There is a need to identify scalable tuberculosis screening strategies among high burden populations. The WHO has identified a non-sputum-based triage test as a development priority.
We performed a diagnostic case-control study of point-of-care C-reactive protein (CRP) and Prototype-Xpert-MTB-Host-Response (Xpert-MTB-HR) assays in the context of a mass screening program for tuberculosis in two prisons in Brazil. All incarcerated individuals irrespective of symptoms were screened by sputum Xpert MTB/RIF and sputum culture. Among consecutive, Xpert MTB/RIF or culture-confirmed cases and Xpert MTB/RIF and culture-negative controls, CRP was quantified in serum by a point-of-care assay (iChroma-II) and a 3-gene expression score was quantified from whole blood using the Xpert-MTB-HR cartridge.

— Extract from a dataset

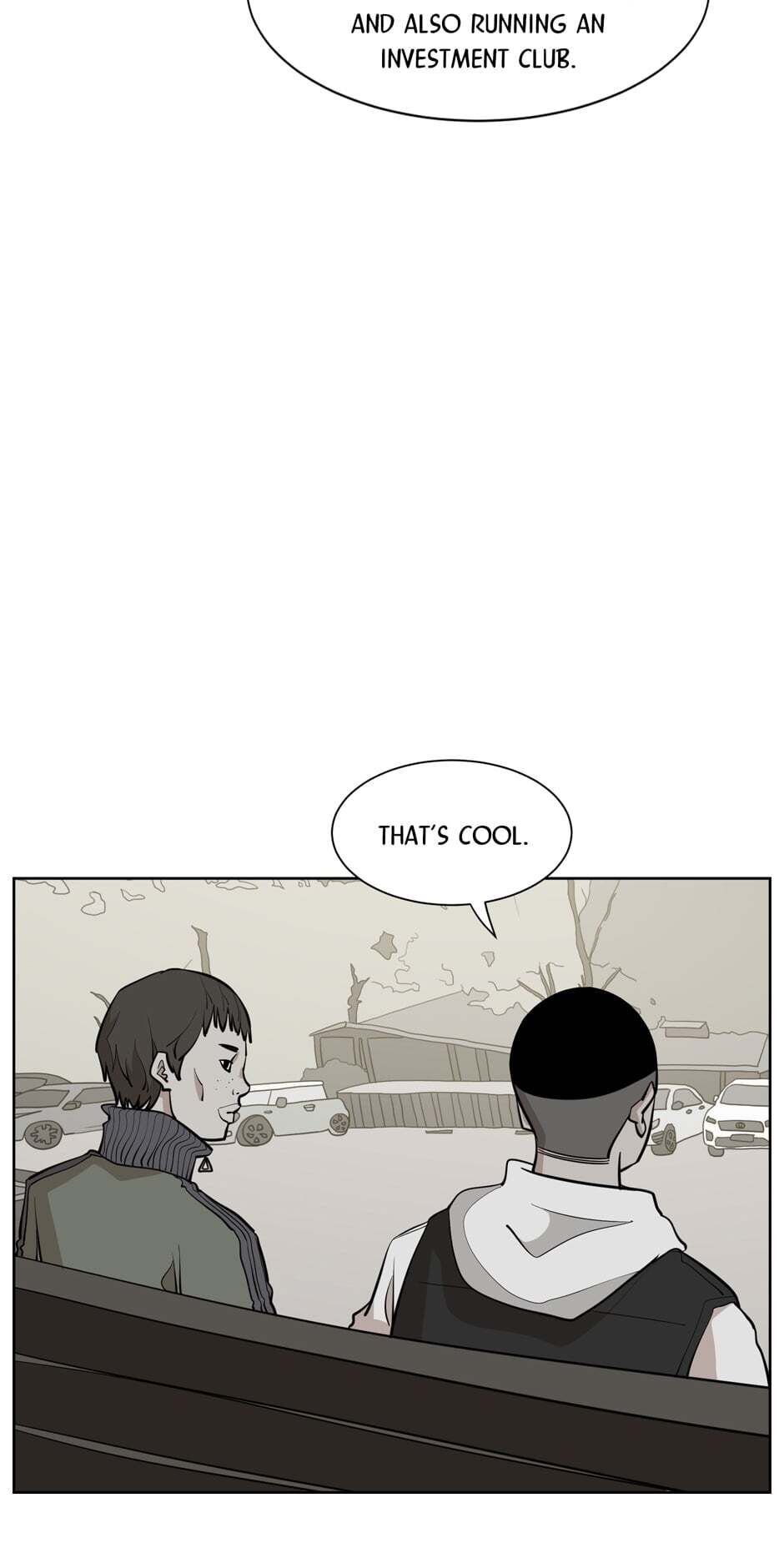 Itaewon Class Chapter 36 - Page 2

We evaluated receiver operating characteristic area under the curve (AUC) and assessed specificity at 90% sensitivity and sensitivity at 70% specificity, consistent with WHO target product profile (TPP) benchmarks.

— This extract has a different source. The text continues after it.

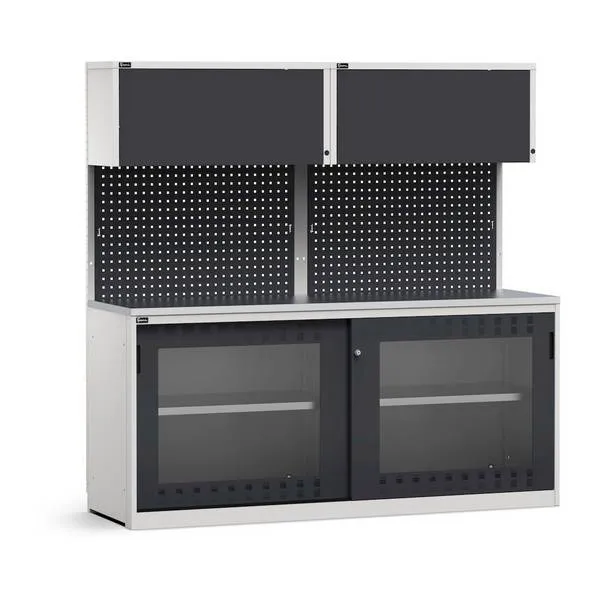 Modulo Gear Garage 055 Inox Satinato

Two hundred controls (no TB) and 100 culture- or Xpert MTB/RIF-positive tuberculosis cases were included. Half of tuberculosis cases and 11% of controls reported any tuberculosis symptoms. AUC for CRP was 0·79 (95% CI: 0·73–0·84) and for Xpert-MTB-HR was 0·84 (95% CI: 0·79–0·89). At 90% sensitivity, Xpert-MTB-HR had significantly higher specificity (53·0%, 95% CI: 45·0–69·0%) than CRP (28·1%, 95% CI: 20·2–41·8%) ( p = 0·003), both well below the TPP benchmark of 70%. Among individuals with medium or high sputum Xpert MTB/RIF semi-quantitative load, sensitivity (at 70% specificity) of CRP (90·3%, 95% CI: 74·2–98·0) and Xpert-MTB-HR (96·8%, 95% CI: 83·3–99·9%) was higher.